Collected data
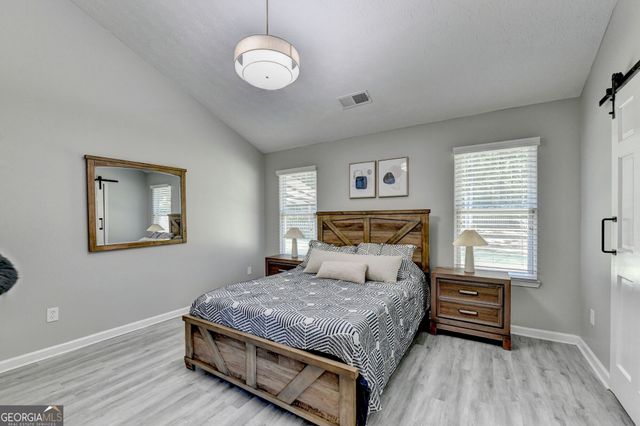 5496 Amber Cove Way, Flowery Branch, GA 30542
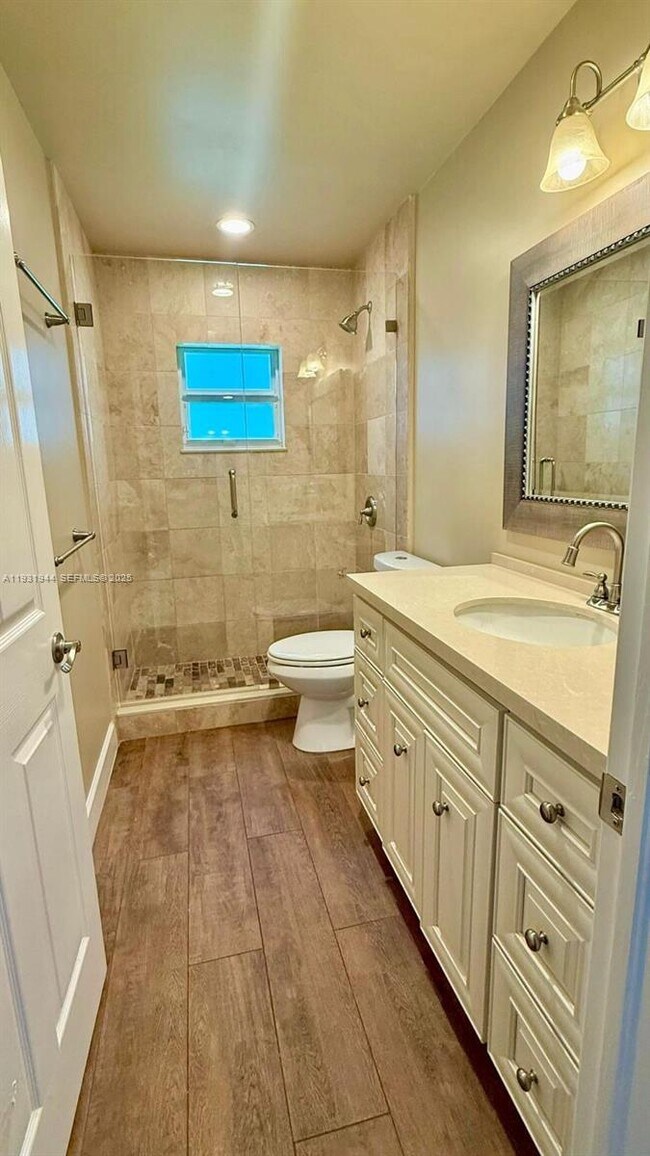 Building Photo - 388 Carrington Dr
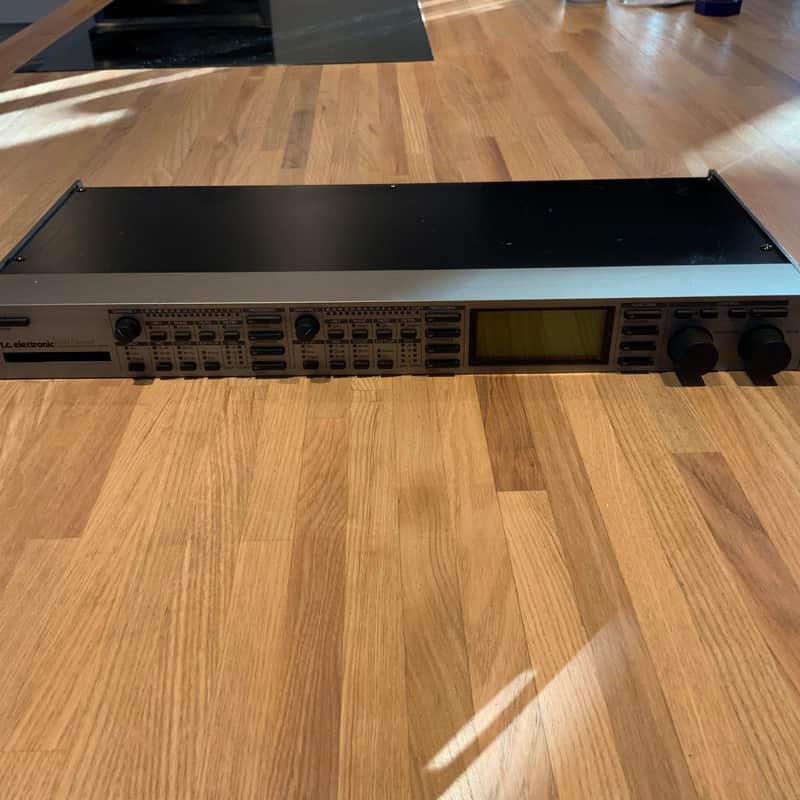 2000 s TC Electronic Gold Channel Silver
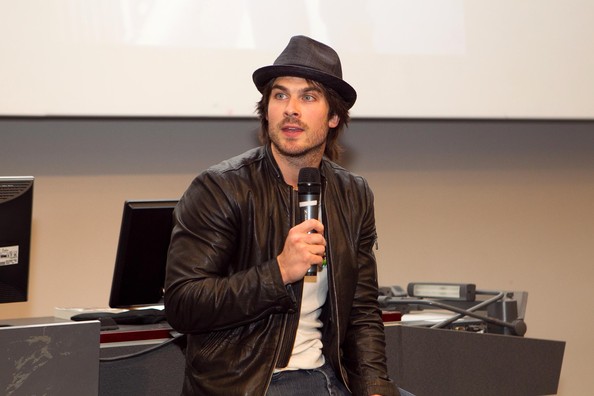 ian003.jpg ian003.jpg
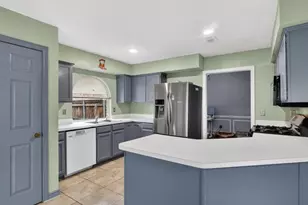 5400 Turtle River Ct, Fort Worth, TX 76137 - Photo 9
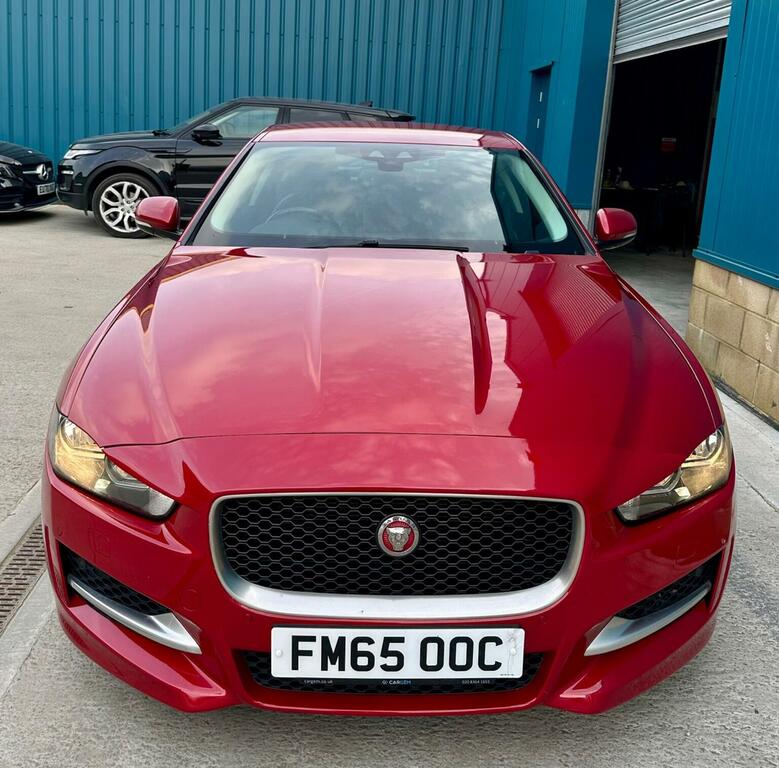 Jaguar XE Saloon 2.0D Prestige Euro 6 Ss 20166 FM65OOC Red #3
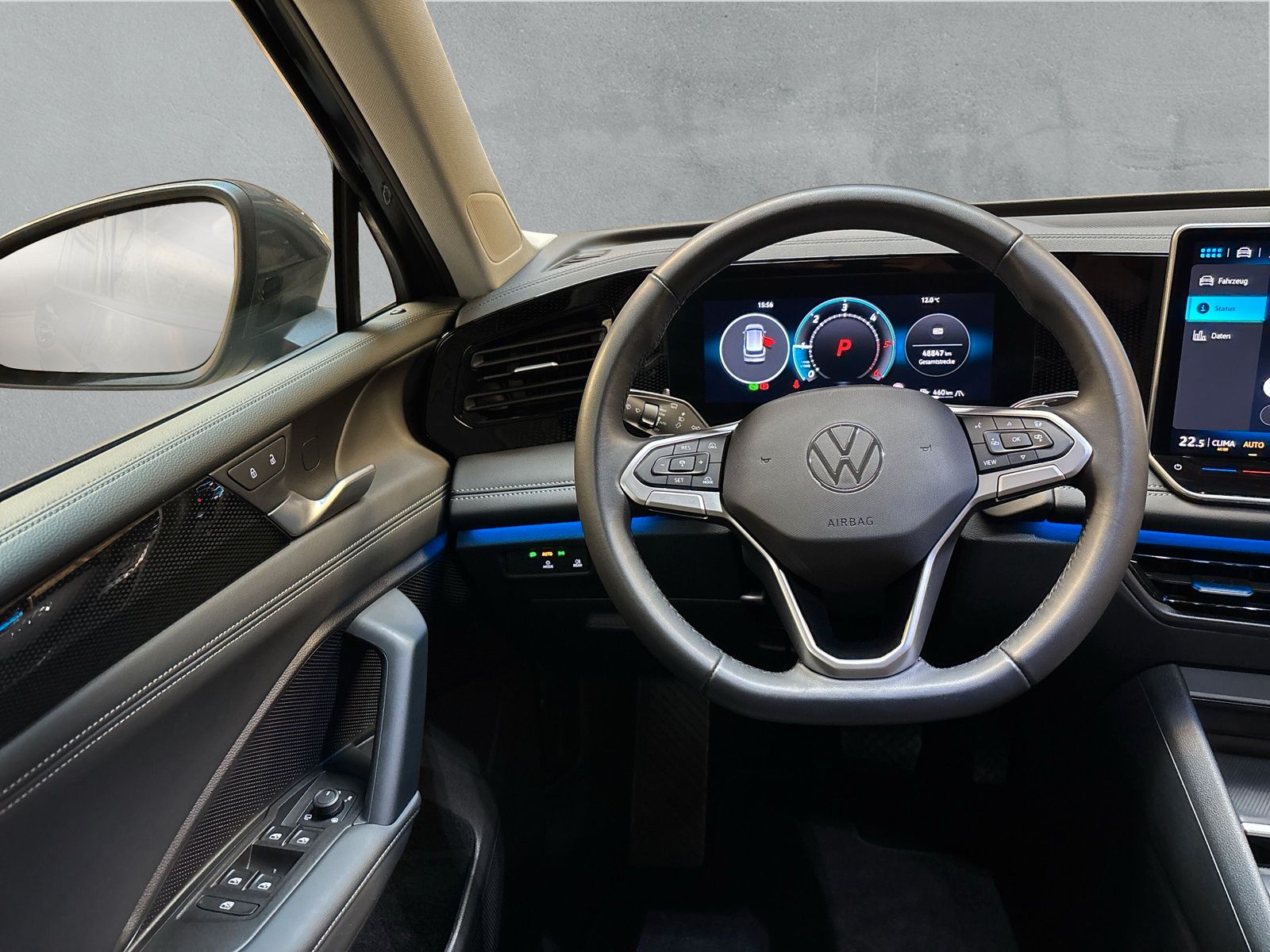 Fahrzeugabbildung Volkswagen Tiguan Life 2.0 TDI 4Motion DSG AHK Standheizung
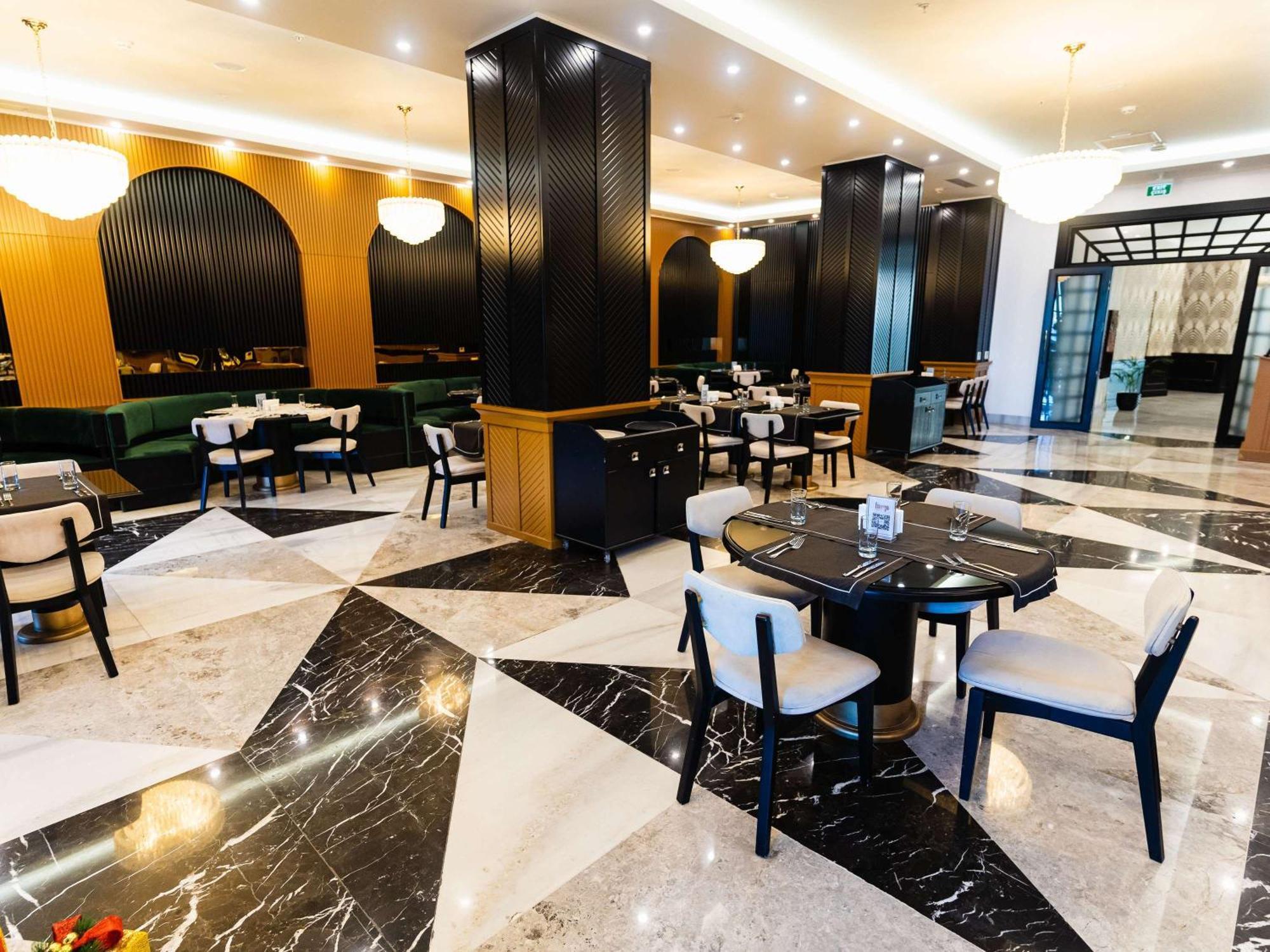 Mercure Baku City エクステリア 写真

_YOUR ASSIGNMENT_
Each record above has to be written out again in full, but its pictures must not be.

_SOLUTION TO THE EXERCISE_
 5496 Amber Cove Way, Flowery Branch, GA 30542
 Building Photo - 388 Carrington Dr
 2000 s TC Electronic Gold Channel Silver
 ian003.jpg ian003.jpg
 5400 Turtle River Ct, Fort Worth, TX 76137 - Photo 9
 Jaguar XE Saloon 2.0D Prestige Euro 6 Ss 20166 FM65OOC Red #3
 Fahrzeugabbildung Volkswagen Tiguan Life 2.0 TDI 4Motion DSG AHK Standheizung
 Mercure Baku City エクステリア 写真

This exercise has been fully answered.